[Short descriptive text snippets]
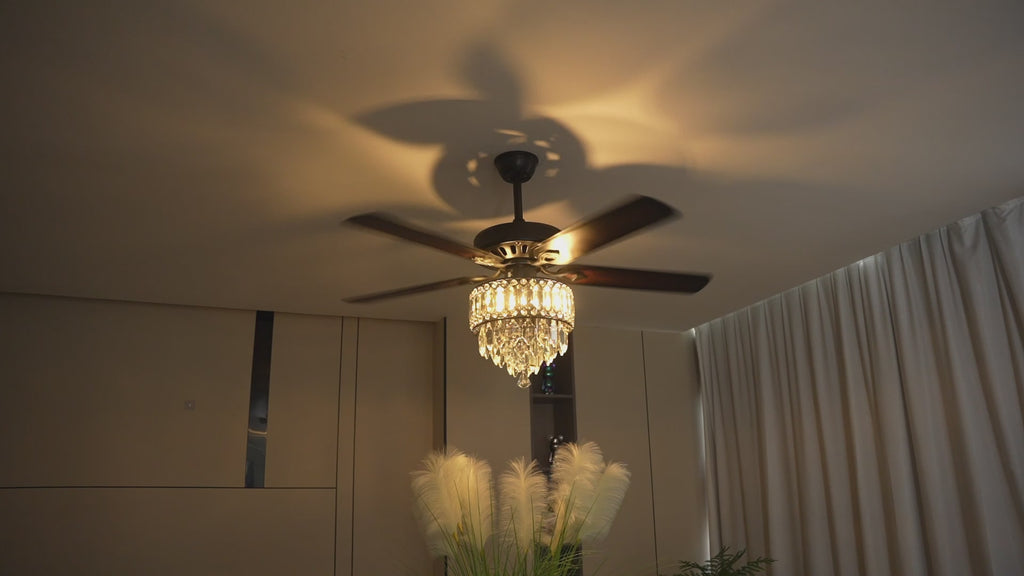 52" BellaDepot Luxury Crystal Ceiling Fan with Light & Remote - Black/Chrome Reversible DC Motor, 6 Speeds, Timer, Quiet Fandelier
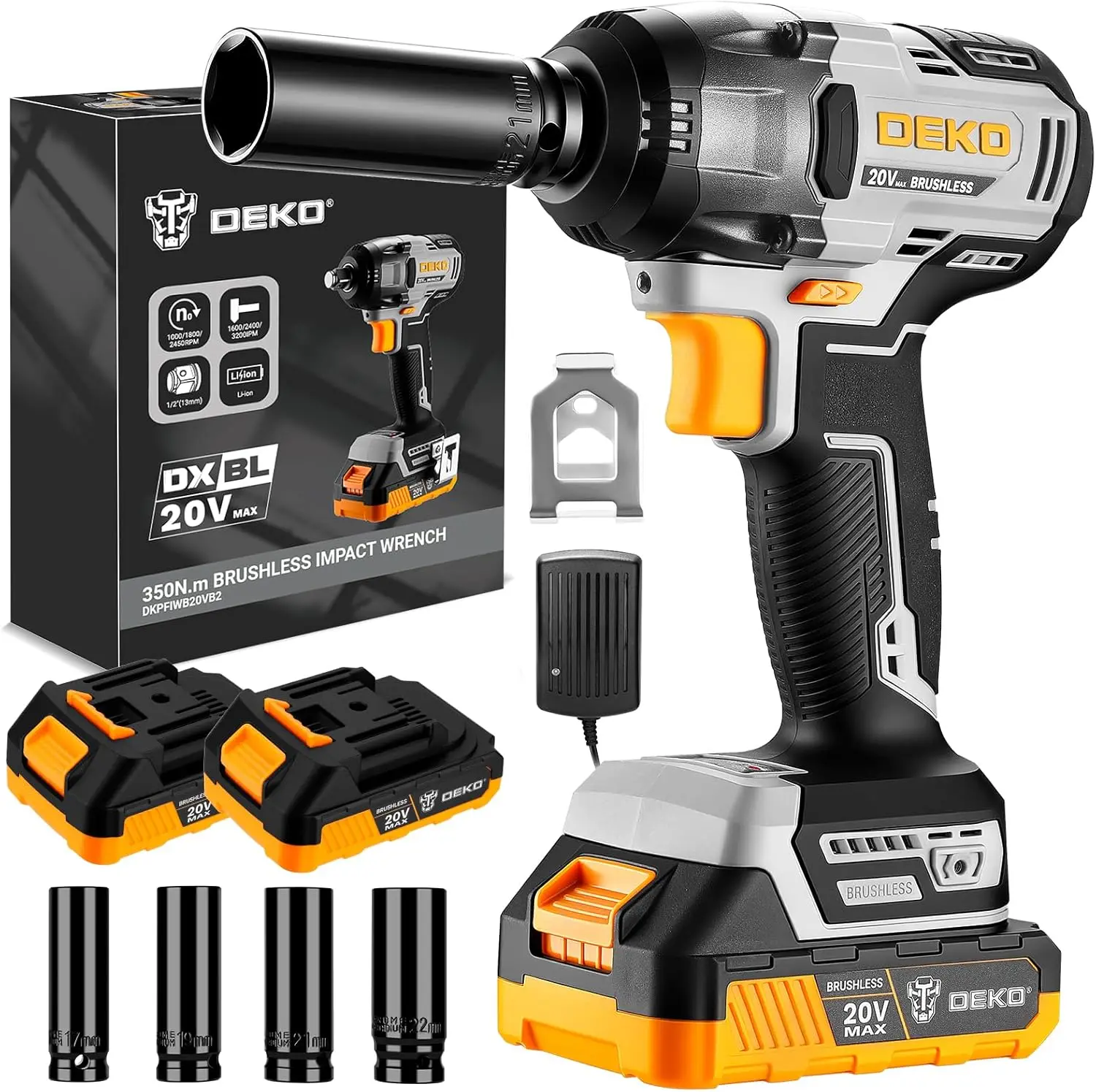 258ft-lbs Brushless Impact Wrench, 1/2" Cordless with 2x2.0Ah Battery, 4 Sockets, LED Light for Car Home
258ft-lbs Brushless Impact Wrench, 1/2" Cordless with 2x2.0Ah Battery, 4 Sockets, LED Light for Car Home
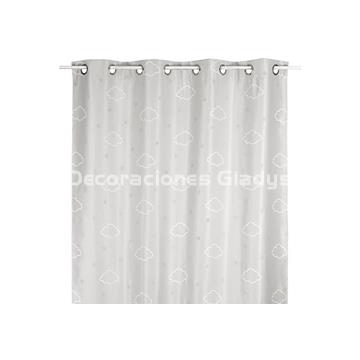 CORTINA CONFECCIONADA FOSFORESCENTE CIELO GRIS - Imagen 1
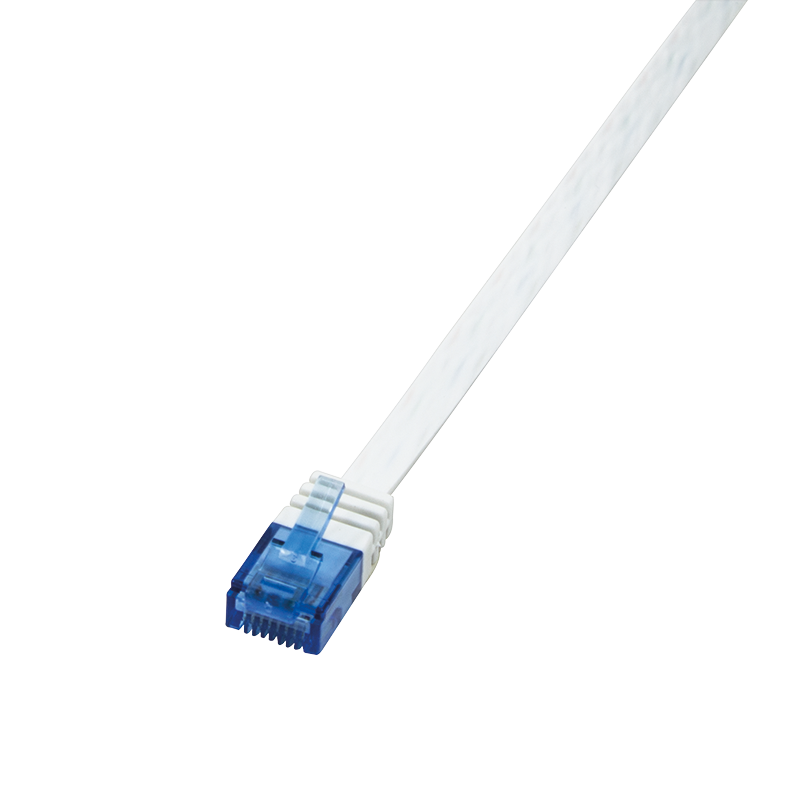 Patch cable flat Cat.5e U/UTP / telephone, 20m, white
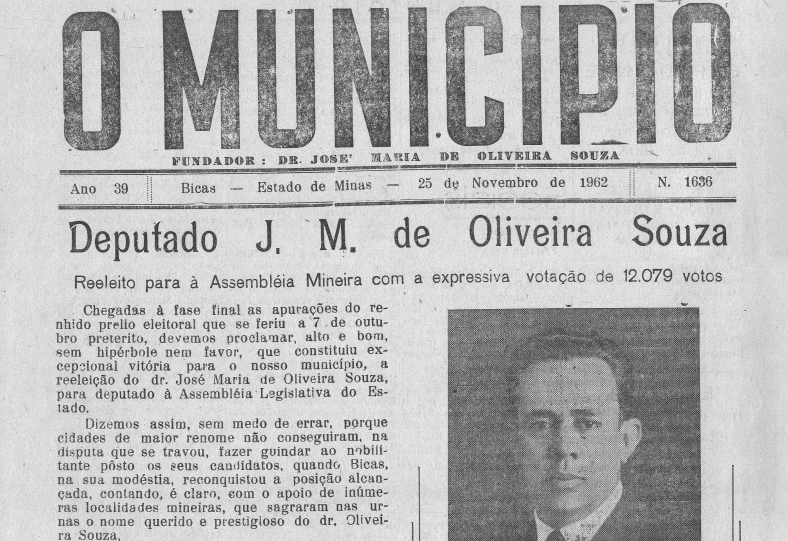 Leia mais sobre o artigo Há 60 anos, em 25/11/1962, O MUNICÍPIO publicava: Deputado J. M. de Oliveira Souza / Sebastião de Souza Ribeiro / Vida Esportiva / Nascimentos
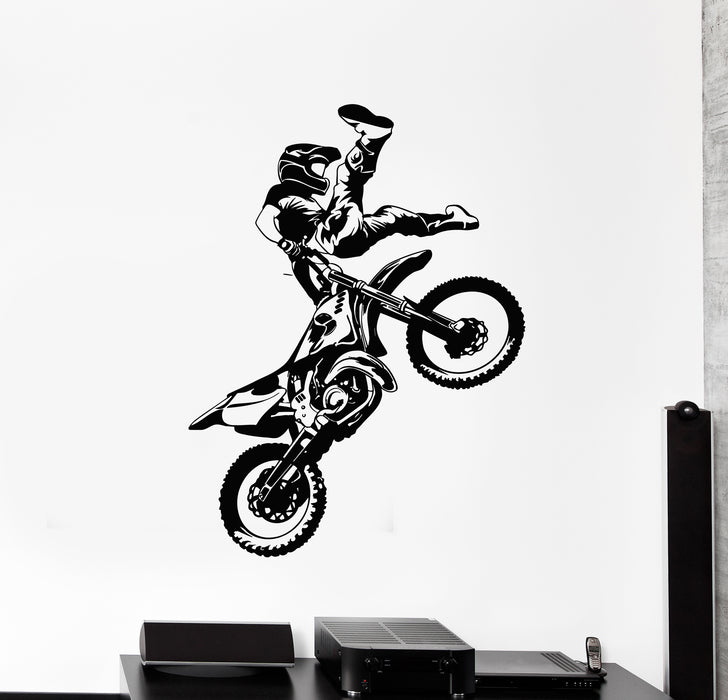 Vinyl Wall Decal Biker Decor Motorcycle Speed Extreme Sports Stickers Mural (g6156)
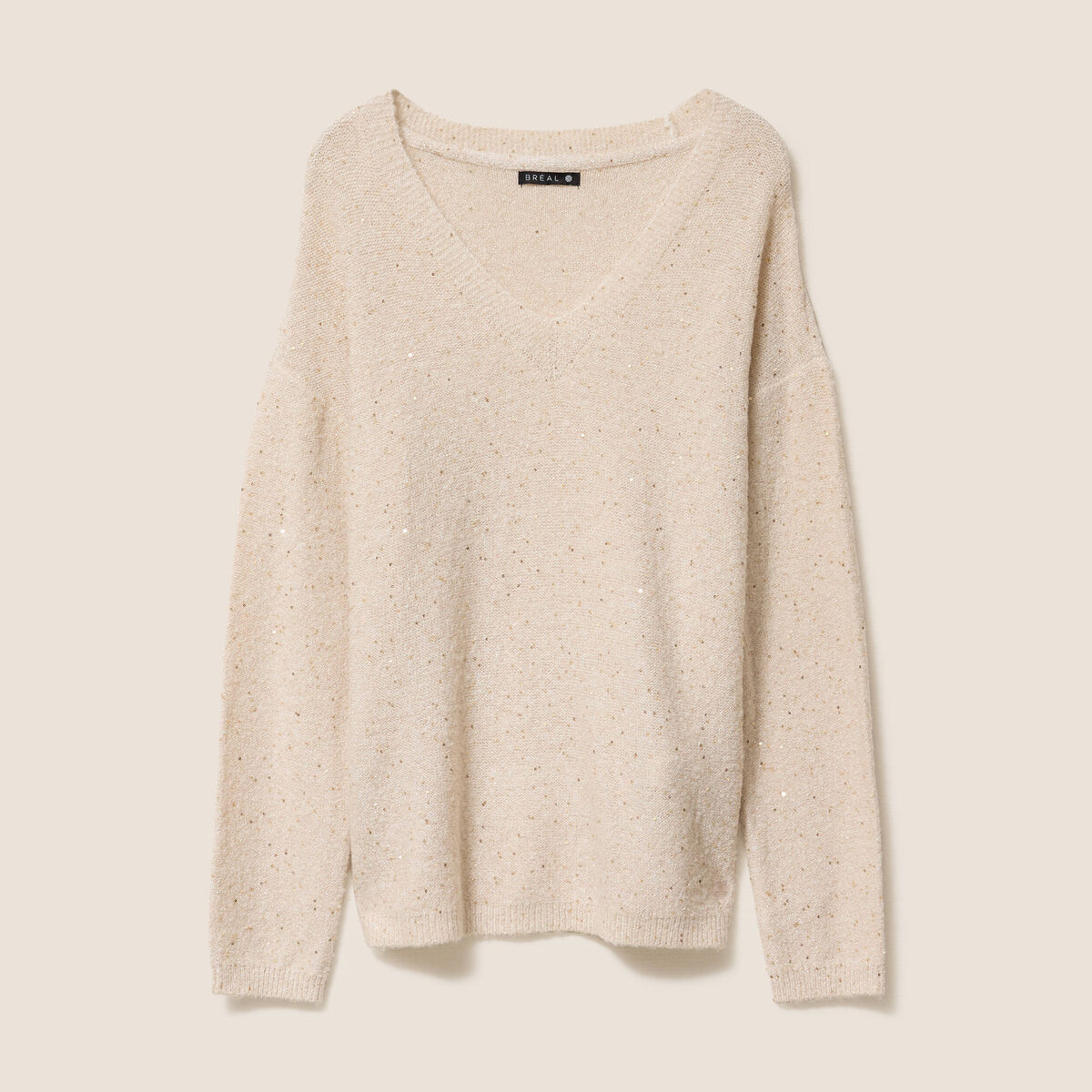 Pull col v manches longues &agrave; sequins couleur or femme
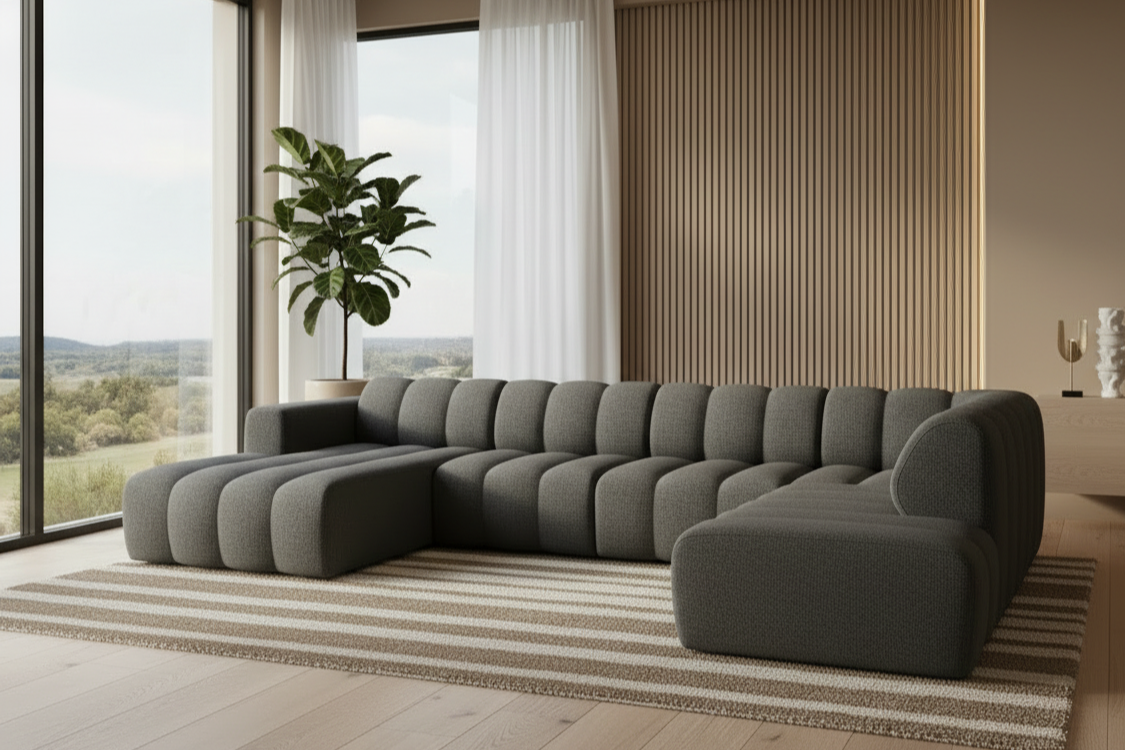 Designer Wohnlandschaft Bummel modular in Bouclé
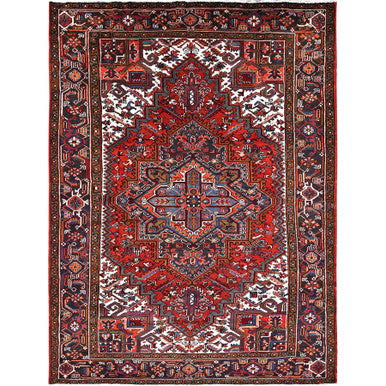 Heriz Worn Wool Hand Knotted Rug Red Gray 8.1X11.1 -O085581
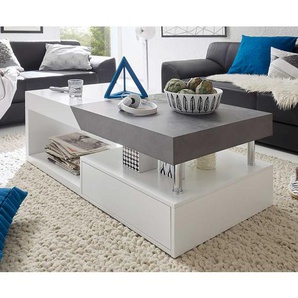 Wohnzimmertisch Couchtisch 100 cm Ablagen Klappen Sofatisch Beistelltisch weiß 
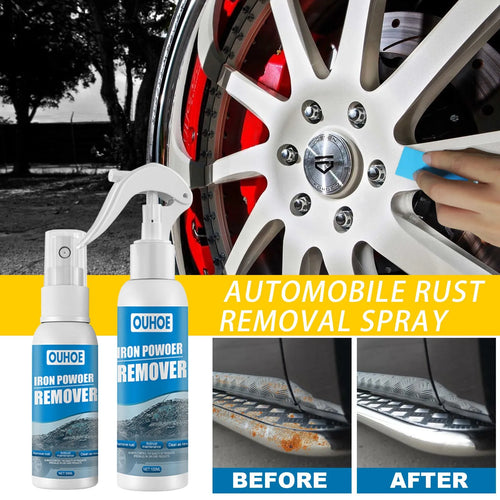 Automotive iron powder rust remover spray bottle with blue sponge and towel for car cleaning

The task:
Reproduce the lines above exactly, image-free.

Exercise solution:
 52" BellaDepot Luxury Crystal Ceiling Fan with Light & Remote - Black/Chrome Reversible DC Motor, 6 Speeds, Timer, Quiet Fandelier
 258ft-lbs Brushless Impact Wrench, 1/2" Cordless with 2x2.0Ah Battery, 4 Sockets, LED Light for Car Home
258ft-lbs Brushless Impact Wrench, 1/2" Cordless with 2x2.0Ah Battery, 4 Sockets, LED Light for Car Home
 CORTINA CONFECCIONADA FOSFORESCENTE CIELO GRIS - Imagen 1
 Patch cable flat Cat.5e U/UTP / telephone, 20m, white
 Leia mais sobre o artigo Há 60 anos, em 25/11/1962, O MUNICÍPIO publicava: Deputado J. M. de Oliveira Souza / Sebastião de Souza Ribeiro / Vida Esportiva / Nascimentos
 Vinyl Wall Decal Biker Decor Motorcycle Speed Extreme Sports Stickers Mural (g6156)
 Pull col v manches longues &agrave; sequins couleur or femme
 Designer Wohnlandschaft Bummel modular in Bouclé
 Heriz Worn Wool Hand Knotted Rug Red Gray 8.1X11.1 -O085581
 Wohnzimmertisch Couchtisch 100 cm Ablagen Klappen Sofatisch Beistelltisch weiß 
 Automotive iron powder rust remover spray bottle with blue sponge and towel for car cleaning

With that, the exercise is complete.